First, a little background on processors. Processors work on machine code, the lowest level representation of the instructions for a computer. Machine code is basically just binary data with a specific structure, encoding a sequence of instructions. These instructions can manipulate the internal state of the processor in a few ways:

  • Instructions can load values into registers, which are essentially a set of finitely many fixed-size variables.
  • Instructions can perform math on registers.
  • Instructions can save and load data from memory addresses.
  • Instructions can change the program counter, which points to the next instruction to execute, and thus make the program jump to a different sequence of instructions (used to implement loops and branches).

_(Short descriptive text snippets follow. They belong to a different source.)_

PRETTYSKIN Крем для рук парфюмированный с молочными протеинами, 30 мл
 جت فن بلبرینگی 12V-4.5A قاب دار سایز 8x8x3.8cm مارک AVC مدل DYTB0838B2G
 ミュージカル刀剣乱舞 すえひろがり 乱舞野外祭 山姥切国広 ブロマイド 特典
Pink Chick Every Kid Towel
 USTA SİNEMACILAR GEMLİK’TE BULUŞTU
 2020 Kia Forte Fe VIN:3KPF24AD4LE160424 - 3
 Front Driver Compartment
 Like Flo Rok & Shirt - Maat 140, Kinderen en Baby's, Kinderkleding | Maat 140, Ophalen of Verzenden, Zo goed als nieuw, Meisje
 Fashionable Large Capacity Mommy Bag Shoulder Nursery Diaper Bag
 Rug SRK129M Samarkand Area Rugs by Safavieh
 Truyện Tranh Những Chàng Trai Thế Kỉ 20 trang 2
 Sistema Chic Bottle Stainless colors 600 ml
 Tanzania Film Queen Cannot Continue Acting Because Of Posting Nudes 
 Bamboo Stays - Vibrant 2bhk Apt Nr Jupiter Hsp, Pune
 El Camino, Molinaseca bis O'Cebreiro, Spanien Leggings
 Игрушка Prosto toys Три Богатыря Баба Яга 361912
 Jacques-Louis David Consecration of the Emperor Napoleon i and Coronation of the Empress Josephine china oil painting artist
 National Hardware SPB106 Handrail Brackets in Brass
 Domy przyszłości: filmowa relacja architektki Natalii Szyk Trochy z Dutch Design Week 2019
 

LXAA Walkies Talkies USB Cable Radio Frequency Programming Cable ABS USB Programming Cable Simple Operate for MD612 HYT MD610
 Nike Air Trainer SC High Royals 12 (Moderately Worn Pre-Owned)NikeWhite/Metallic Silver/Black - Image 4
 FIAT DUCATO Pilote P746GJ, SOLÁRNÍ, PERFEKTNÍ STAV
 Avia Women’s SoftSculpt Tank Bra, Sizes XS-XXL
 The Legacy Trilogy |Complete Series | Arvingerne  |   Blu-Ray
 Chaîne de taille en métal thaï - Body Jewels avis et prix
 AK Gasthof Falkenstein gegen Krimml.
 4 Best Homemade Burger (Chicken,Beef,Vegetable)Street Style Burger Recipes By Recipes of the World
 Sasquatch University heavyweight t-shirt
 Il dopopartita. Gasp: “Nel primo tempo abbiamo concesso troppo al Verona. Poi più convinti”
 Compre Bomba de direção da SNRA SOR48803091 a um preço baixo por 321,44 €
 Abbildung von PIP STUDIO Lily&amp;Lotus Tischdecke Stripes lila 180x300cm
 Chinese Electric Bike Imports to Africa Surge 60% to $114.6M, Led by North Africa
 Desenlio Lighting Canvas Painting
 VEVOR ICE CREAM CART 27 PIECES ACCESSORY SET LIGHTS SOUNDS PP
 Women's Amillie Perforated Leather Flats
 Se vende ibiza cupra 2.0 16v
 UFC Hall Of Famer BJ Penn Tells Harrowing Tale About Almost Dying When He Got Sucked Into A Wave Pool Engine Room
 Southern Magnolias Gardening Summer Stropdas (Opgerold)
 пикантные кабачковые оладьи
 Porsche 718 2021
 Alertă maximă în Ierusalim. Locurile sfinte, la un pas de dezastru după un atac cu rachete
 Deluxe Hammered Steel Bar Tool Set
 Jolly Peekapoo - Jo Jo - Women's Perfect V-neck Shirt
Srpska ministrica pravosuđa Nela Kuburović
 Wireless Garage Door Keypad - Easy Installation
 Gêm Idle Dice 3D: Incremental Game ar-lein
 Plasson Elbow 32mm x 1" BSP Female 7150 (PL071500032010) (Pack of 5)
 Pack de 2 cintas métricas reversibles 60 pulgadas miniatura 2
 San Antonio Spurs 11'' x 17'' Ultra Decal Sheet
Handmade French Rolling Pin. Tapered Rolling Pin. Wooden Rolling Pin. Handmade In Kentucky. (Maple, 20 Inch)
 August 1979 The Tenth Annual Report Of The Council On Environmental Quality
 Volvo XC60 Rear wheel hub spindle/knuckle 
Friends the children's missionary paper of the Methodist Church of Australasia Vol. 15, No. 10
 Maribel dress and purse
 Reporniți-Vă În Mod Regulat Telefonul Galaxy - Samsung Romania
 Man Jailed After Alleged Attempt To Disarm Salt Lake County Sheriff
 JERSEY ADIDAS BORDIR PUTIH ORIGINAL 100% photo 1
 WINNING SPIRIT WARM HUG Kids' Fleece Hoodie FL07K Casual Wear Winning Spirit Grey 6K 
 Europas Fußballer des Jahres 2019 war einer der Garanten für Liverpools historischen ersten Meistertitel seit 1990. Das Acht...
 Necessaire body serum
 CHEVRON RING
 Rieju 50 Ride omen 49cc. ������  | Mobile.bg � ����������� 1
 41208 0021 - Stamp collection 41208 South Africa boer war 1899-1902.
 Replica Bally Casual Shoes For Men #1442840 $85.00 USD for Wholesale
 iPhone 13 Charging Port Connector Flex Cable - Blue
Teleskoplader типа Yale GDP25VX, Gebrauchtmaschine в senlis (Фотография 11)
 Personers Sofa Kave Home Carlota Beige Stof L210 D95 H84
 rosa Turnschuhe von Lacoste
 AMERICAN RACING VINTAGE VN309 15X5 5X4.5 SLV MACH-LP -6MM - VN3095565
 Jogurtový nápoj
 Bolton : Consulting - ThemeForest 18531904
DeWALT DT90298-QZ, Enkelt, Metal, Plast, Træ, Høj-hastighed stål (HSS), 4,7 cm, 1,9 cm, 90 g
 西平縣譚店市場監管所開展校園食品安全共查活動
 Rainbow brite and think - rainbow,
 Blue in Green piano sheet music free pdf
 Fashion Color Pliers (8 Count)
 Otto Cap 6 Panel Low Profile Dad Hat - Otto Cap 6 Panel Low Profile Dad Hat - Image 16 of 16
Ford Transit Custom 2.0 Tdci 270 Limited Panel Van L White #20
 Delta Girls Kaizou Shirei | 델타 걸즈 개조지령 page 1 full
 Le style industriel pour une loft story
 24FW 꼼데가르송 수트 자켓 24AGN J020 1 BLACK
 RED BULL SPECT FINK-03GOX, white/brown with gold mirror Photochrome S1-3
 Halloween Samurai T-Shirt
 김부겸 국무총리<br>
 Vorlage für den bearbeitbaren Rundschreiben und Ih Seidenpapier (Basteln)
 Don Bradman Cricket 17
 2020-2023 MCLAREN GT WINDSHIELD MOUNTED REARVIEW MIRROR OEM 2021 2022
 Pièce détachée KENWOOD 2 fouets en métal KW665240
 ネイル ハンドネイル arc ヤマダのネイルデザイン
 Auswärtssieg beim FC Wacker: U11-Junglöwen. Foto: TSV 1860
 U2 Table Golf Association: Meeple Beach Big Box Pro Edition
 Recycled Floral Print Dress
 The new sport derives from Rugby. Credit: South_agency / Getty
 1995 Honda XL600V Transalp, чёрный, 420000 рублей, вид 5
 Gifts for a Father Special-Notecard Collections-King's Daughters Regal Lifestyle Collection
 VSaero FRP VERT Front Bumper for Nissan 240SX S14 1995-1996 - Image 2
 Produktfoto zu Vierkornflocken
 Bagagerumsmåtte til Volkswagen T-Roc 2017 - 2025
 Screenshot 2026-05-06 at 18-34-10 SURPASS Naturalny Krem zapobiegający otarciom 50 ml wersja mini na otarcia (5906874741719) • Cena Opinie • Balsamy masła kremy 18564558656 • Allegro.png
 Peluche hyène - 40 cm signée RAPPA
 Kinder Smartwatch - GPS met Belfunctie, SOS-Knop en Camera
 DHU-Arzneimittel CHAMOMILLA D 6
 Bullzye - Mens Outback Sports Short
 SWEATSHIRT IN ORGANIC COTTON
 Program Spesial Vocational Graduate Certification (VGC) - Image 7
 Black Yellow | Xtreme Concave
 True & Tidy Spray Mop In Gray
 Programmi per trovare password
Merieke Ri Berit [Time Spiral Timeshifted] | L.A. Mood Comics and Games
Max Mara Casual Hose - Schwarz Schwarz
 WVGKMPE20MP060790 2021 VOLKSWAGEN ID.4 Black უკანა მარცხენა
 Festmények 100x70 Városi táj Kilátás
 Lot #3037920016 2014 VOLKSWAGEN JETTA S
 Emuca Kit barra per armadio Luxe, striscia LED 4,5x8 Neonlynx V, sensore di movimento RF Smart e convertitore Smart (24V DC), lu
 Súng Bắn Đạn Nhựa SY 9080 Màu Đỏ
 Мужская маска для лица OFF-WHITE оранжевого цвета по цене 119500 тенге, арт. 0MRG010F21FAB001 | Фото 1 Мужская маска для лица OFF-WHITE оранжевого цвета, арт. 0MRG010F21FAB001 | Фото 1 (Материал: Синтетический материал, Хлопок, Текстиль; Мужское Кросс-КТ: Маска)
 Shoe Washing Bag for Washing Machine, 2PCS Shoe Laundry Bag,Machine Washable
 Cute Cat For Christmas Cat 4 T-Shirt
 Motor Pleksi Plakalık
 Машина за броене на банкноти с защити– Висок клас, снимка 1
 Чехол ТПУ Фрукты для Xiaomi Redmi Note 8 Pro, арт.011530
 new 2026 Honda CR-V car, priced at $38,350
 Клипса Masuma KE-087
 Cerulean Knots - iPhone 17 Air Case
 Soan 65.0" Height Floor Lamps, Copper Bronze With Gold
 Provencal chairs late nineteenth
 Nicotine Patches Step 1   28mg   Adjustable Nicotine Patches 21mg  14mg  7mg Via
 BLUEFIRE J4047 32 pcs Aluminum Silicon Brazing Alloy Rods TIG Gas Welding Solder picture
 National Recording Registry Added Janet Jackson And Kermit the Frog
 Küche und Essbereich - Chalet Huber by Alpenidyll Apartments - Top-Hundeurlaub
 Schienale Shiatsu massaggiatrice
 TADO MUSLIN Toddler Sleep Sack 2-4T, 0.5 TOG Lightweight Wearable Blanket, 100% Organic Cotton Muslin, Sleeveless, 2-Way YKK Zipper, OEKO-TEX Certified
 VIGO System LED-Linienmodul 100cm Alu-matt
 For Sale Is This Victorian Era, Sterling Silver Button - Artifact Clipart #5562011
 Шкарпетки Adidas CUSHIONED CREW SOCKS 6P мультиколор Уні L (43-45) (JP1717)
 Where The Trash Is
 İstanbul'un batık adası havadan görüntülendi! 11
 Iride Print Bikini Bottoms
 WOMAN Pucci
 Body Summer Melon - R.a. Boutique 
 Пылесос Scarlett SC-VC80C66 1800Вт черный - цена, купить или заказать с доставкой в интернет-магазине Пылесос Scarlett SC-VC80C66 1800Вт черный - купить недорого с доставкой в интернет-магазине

Conceptually, to the programmer, a processor executes machine instructions in sequence. For instance, if you wanted to add two numbers, you might have assembly code like

MOV  R0, #4
MOV  R1, #10
ADD  R0, R0, R1      ; after this R0 has value 14

and the processor would load 4 into R0, 10 into R1, and then add them together into R0. When executing each instruction, this conceptual processor goes through five main stages:

  1. FETCH: Read the program counter, and fetch the next instruction from memory.
  2. DECODE: Look at the machine code that was just loaded, and determine what action to take
  3. EXECUTE: Perform any necessary processing on the registers (i.e. do math) and temporarily store the results
  4. MEMORY: Load or store values into memory
  5. WRITEBACK: Update the registers with the new values

The reality of processors, however, is a bit more complicated. In order to speed up computation, modern processors often execute multiple instructions at the same time. This is called "instruction pipelining". An example of how this might work would be:

  1. First, fetch the first instruction (MOV R0, #4) from memory.
  2. Decode the first instruction (ok, we want to MOV the value 4 into R0). At the same time, fetch the next instruction (MOV R1, #10).
  3. Execute the first instruction (load 4 into temporary storage), decode the second (ok, we want to MOV the value 10 into R1), fetch the third (ADD R0, R0, R1).
  4. Do memory for first instruction (nothing to do here), execute the second (load 10 into temporary storage), decode the third (ok, we want to ADD together R0 and R1 and store result in R0)
  5. Writeback first instruction (now R0 holds 4), do memory for second (nothing to do), execute the third (add R0, which has 4, with R1, which has 0 to start with but we are holding 10 in temporary storage so we should use that instead, to get 14, which we put in temporary storage)
  6. Writeback second (now R1 holds 10), do memory for third (nothing to do)
  7. Writeback third (now R0 holds 14)

An important thing to notice is that even though multiple instructions are executing at the same time, the processor must behave as if it were executing them sequentially. So at step 5, even though we haven't updated R1's value yet, we need to forward the temporary value back to the EXECUTE stage to make sure we get the right value. This also leads to some other complex situations. For instance, if we want to load a register from memory and then do math with it, we have to wait for the value to be ready before we can do the add. This is called a stall. Another problem is that if we encounter a conditional branch (i.e. a low-level if statement), the processor doesn't know which part to execute next, so it makes a guess. If it turns out that it guessed wrong, by the time it figures that out it will have started executing those wrong instructions. The processor has to throw out that old data, known as a flush.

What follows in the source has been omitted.